Michael the Brave Boulevard
- Native name: Bulevardul Mihai Viteazul (Romanian)
- Former name(s): Püspök út
- Maintained by: Timișoara City Hall
- Length: 773.63 m (2,538.2 ft)
- Location: Elisabetin, Timișoara, Romania
- Coordinates: 45°44′40″N 21°13′32″E﻿ / ﻿45.74444°N 21.22556°E
- From: Michael the Brave Bridge
- To: Nicolae Bălcescu Square

= Michael the Brave Boulevard =

Boulevard in Timișoara, Romania

Michael the Brave Boulevard (Bulevardul Mihai Viteazul) is a boulevard in Timișoara, Romania. It is a continuation of King Ferdinand I Boulevard and ends in Nicolae Bălcescu Square, the core of the Elisabetin district.

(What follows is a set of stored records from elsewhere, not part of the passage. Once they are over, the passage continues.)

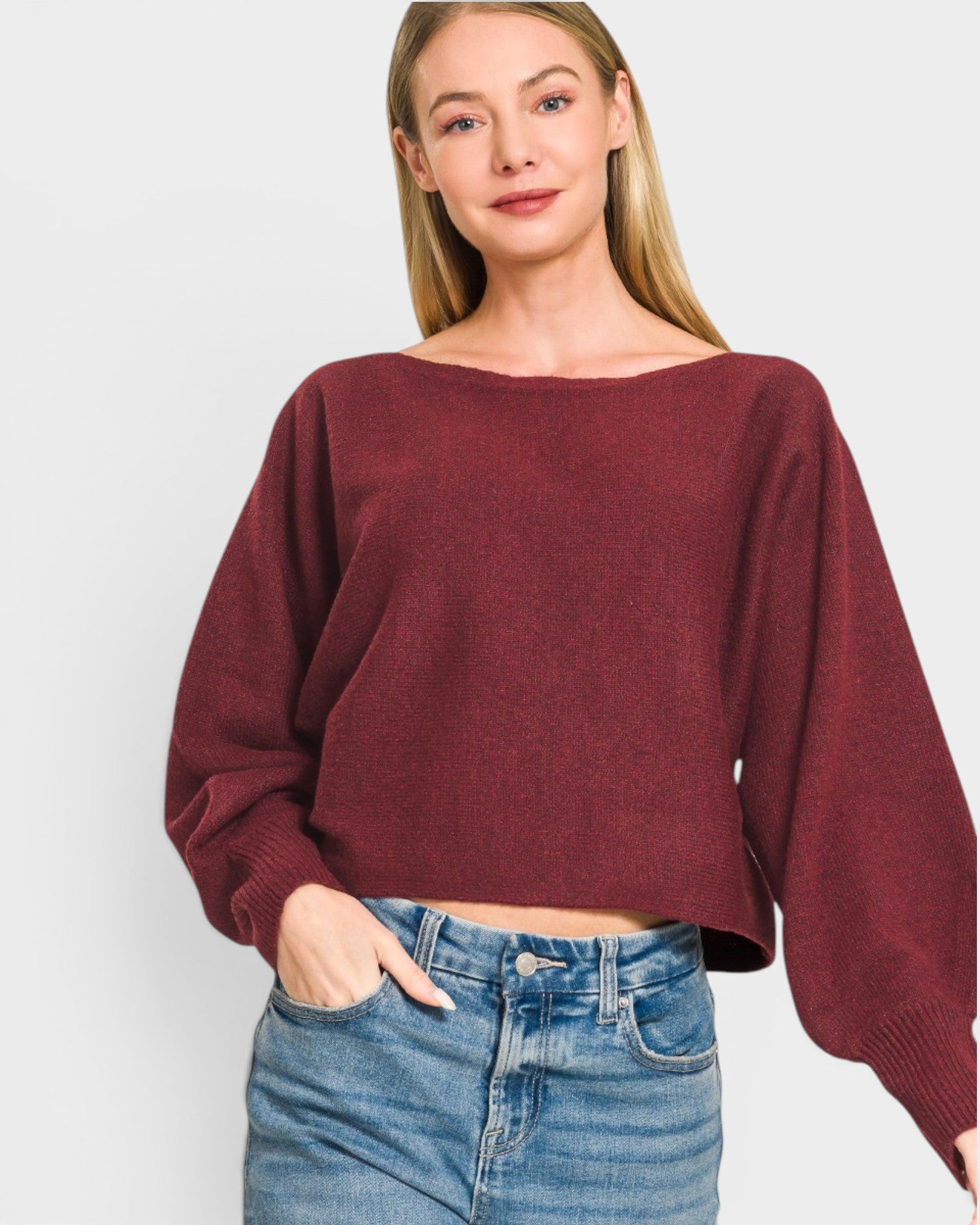 Woman wearing a burgundy sweater and blue jeans on a white background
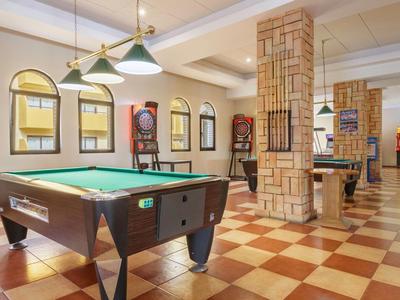 A room with two pool tables and seating, patterned floor and stone pillars.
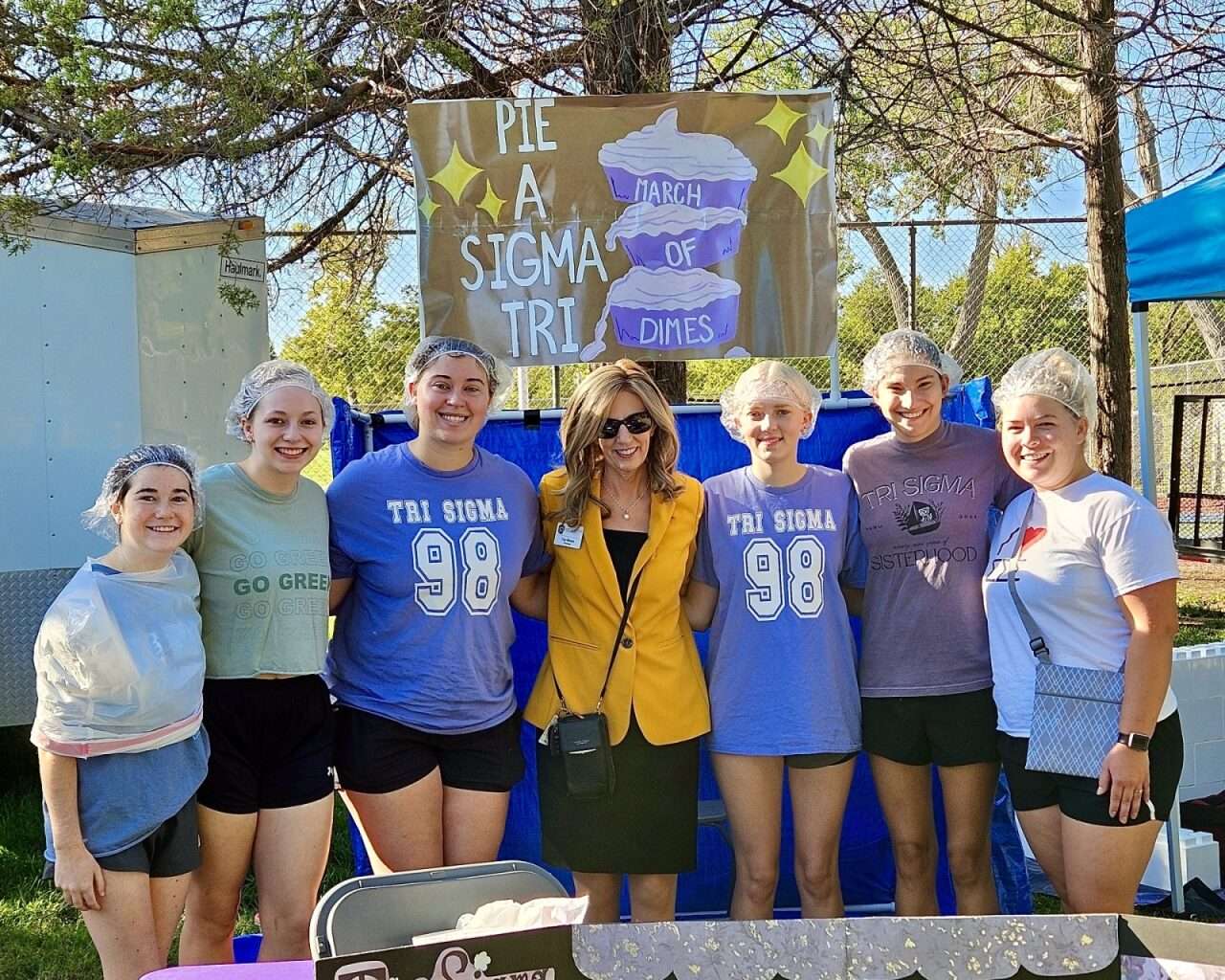 Fort Hays State University President Tisa Mason with Tri Sigma members at a pie event. Courtesy photo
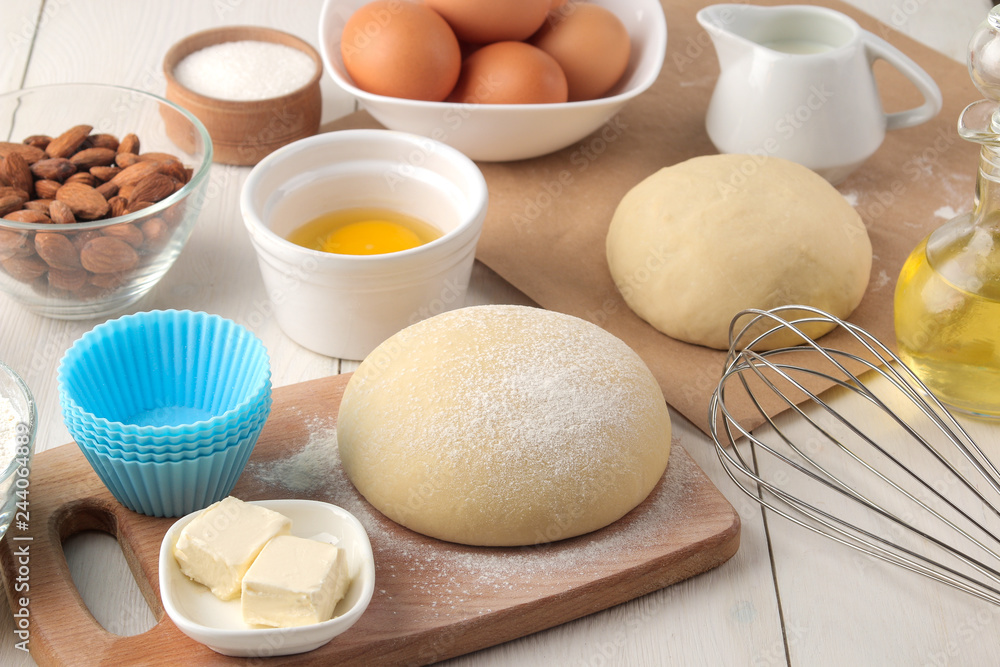 baking ingredients. baking tools. dough and butter, eggs, sugar, milk, cinnamon, almonds on a white wooden background baking ingredients. baking tools. dough and butter, eggs, sugar, milk, cinnamon, almonds on a white wooden background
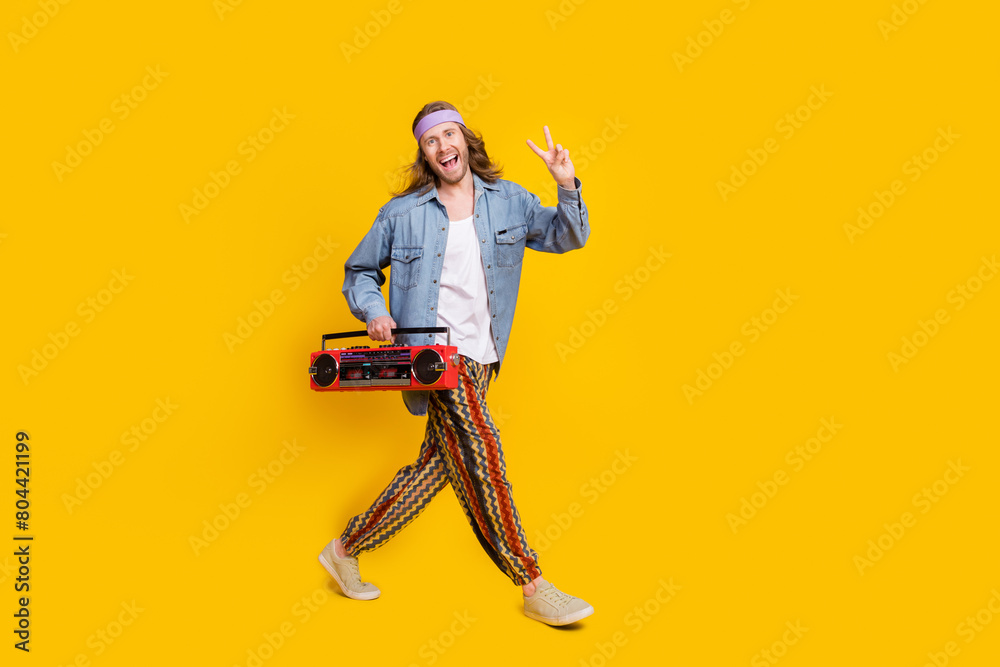 Naklejka premium Full size profile photo of cool young man boombox show v-sign walk empty space wear denim shirt isolated on yellow color background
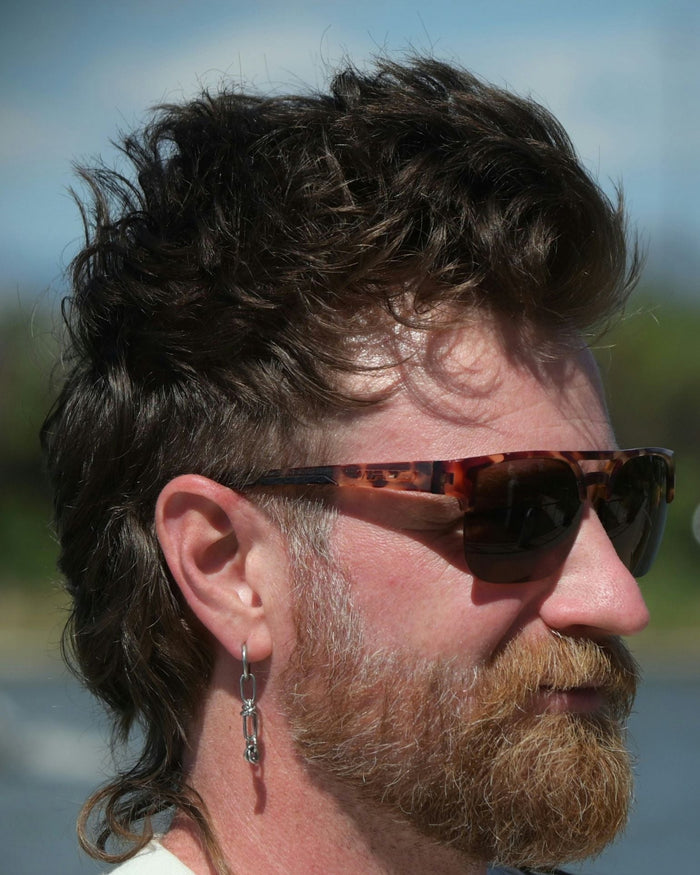 Side profile of man with an old school mullet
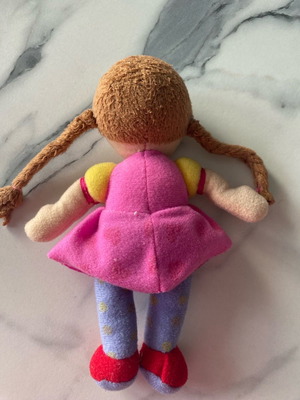 Small cloth doll used with braids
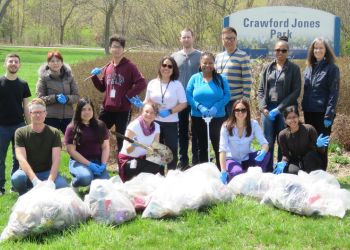 A group of people with litter bags cleaning up Crawford Jones Park for the annual City cleanup.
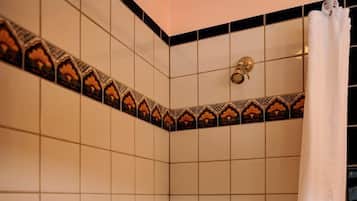 Un baño con paredes de azulejos blancos, cortina de ducha, bañera y barra de apoyo.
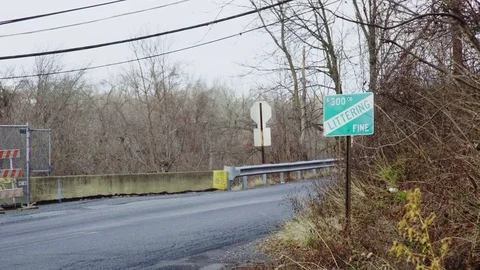 Green no littering sign on the side of the road Stock Footage 72321973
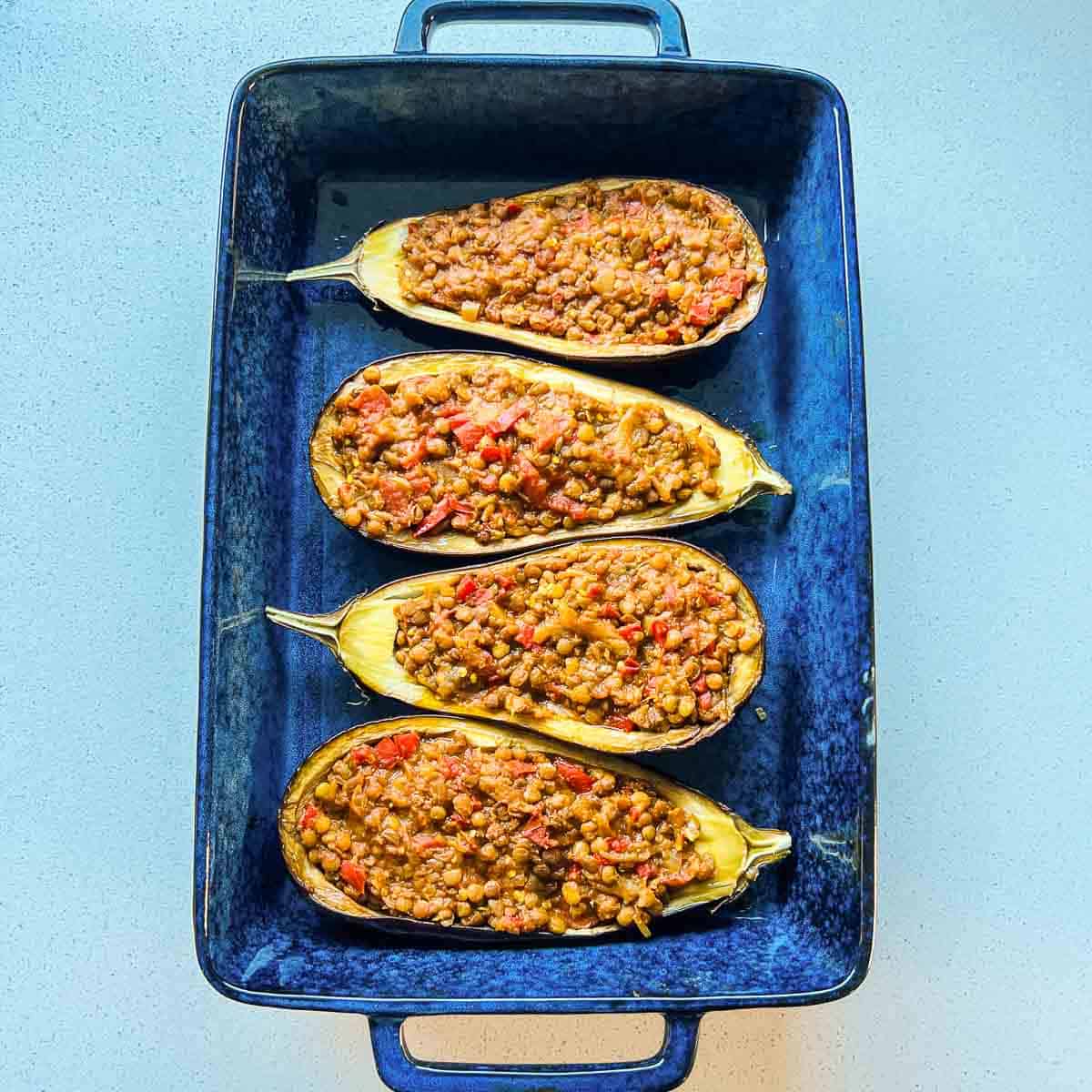 Prepared lentils filled into baked eggplants.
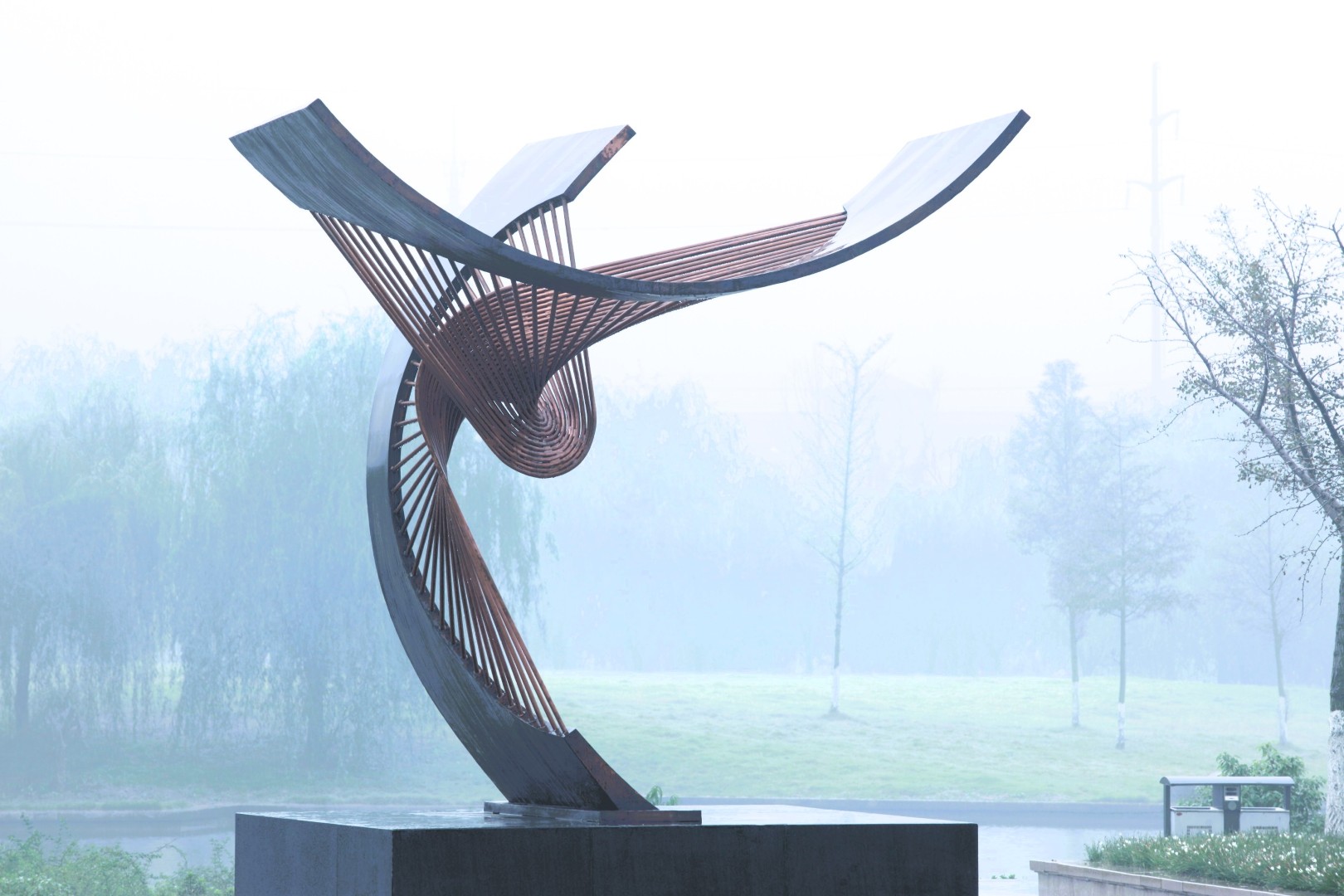 Tenth Gate Unlocked in a misty park, showing its interwoven bronze curves.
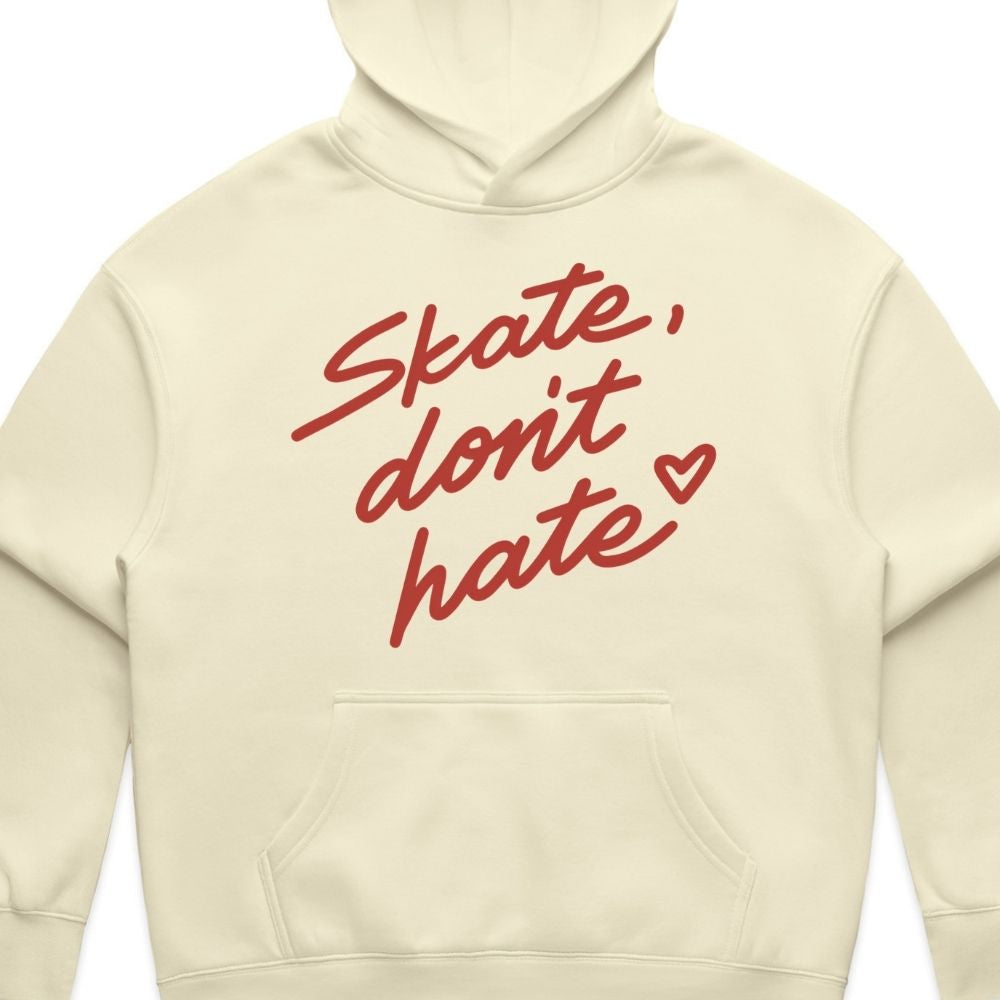 An off-white hooded sweatshirt with the phrase 'Skate, don't hate' printed in red cursive text across the chest, accompanied by a small red heart.
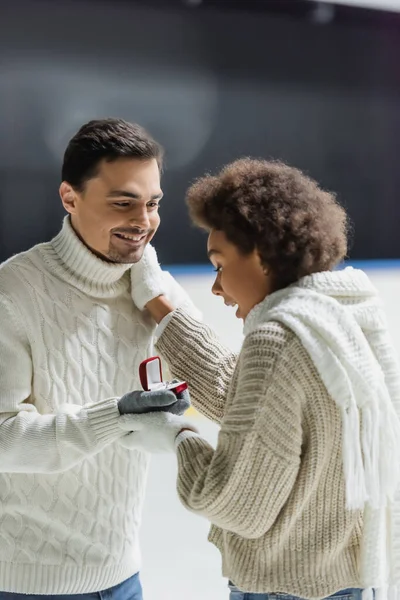 Excited african american woman touching boyfriend with proposal ring on ice rink — Stock Photo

Notably, in its eastern part is the campus of the Politehnica University.
== History ==
During the Austro-Hungarian period, the street was known as Püspök út (Bishop's Street). Its development commenced in the late 19th and early 20th centuries, a time marked by Timișoara's expansion beyond the limits of the former fortress and a broader transition toward civic and urban modernization. Initially defined by its tranquil, residential character and preferred by the upper-middle class, the street gradually evolved into a prominent urban corridor, distinguished by architectural styles characteristic of the Secession (Art Nouveau) movement and, subsequently, the interwar modernist period.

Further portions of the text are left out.